Today, after the thousands became more than a million and as immigration redraws Europe’s political landscape, Bavaria has become the springboard for an insurgency that is threatening the German chancellor’s job.
Ms. Merkel is under fire from her conservative allies in Bavaria, who are part of her government and control the Interior Ministry in Berlin. They have given the chancellor until this weekend to strike an unlikely European deal that puts a lid on immigration or closes the border to certain immigrants. Failure could bring about a collapse of her fragile coalition.
It is a remarkable setback for Ms. Merkel, a politician once viewed by many in Europe as the continent’s anchor of stability and a leader of the liberal West. At an informal meeting last Sunday, Ms. Merkel failed to persuade her EU counterparts to take back immigrants who had made their way to Germany after already applying for asylum elsewhere. Now she is left with one last chance to extract an agreement at an EU summit on June 28 and 29.
The domestic rebellion, launched two weeks ago by Horst Seehofer, interior minister and chairman of the Christian Social Union, the Bavarian sister party to Ms. Merkel’s larger Christian Democratic Union, came as a shock in Berlin, but it had been brewing for months in Germany’s affluent and traditionalist southern state.

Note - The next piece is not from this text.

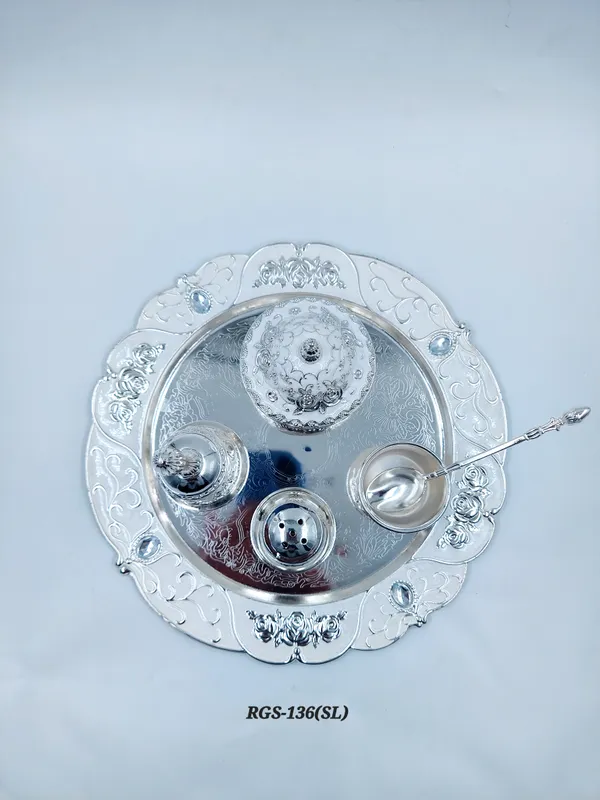 German_Silver_Embossed_Floral_Pooja_Thali_Set_With_Bell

Fueled by discontent over Ms. Merkel’s liberal policies, the antiestablishment Alternative for Germany, or AfD has been making inroads into CSU heartlands, raising the political temperature and forcing the conservatives to tilt to the right. The arrival of over 1.4 million asylum seekers in Germany since 2015 has stoked fears of a swift demographic change, coupled with anxiety over reports of rising migrant crime and revolt over the huge costs of managing the crisis which has been estimated to over €20 billion a year.
Three years on, many of the migrants still live in temporary housing scattered across the country, affecting communities even in remote rural areas. Larger cities have seen the demographic mix in some neighborhoods change almost beyond recognition.

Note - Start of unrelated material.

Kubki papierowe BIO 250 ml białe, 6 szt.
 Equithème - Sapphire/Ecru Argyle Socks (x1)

Most of the newcomers have been unable to enter the highly regulated job market, mainly for lack of language and other skills required in one of the world’s most advanced economies.
These tensions were on full display last week in this picture-perfect Bavarian town of 15,000, where African and Middle Eastern migrants can be seen loitering around the railway station and in parks, out of work and often struggling to get a place in German courses.
The AfD had hired the Dorfen Inn, a beer hall facing onto the medieval marketplace, for an evening of discussions about ending Ms. Merkel’s liberal refugee policy. With both critics and supporters of the chancellor in attendance, the communal tables dotted with beer jugs and schnitzel plates soon turned into a microcosm of the debates that are tearing at the country’s political fabric.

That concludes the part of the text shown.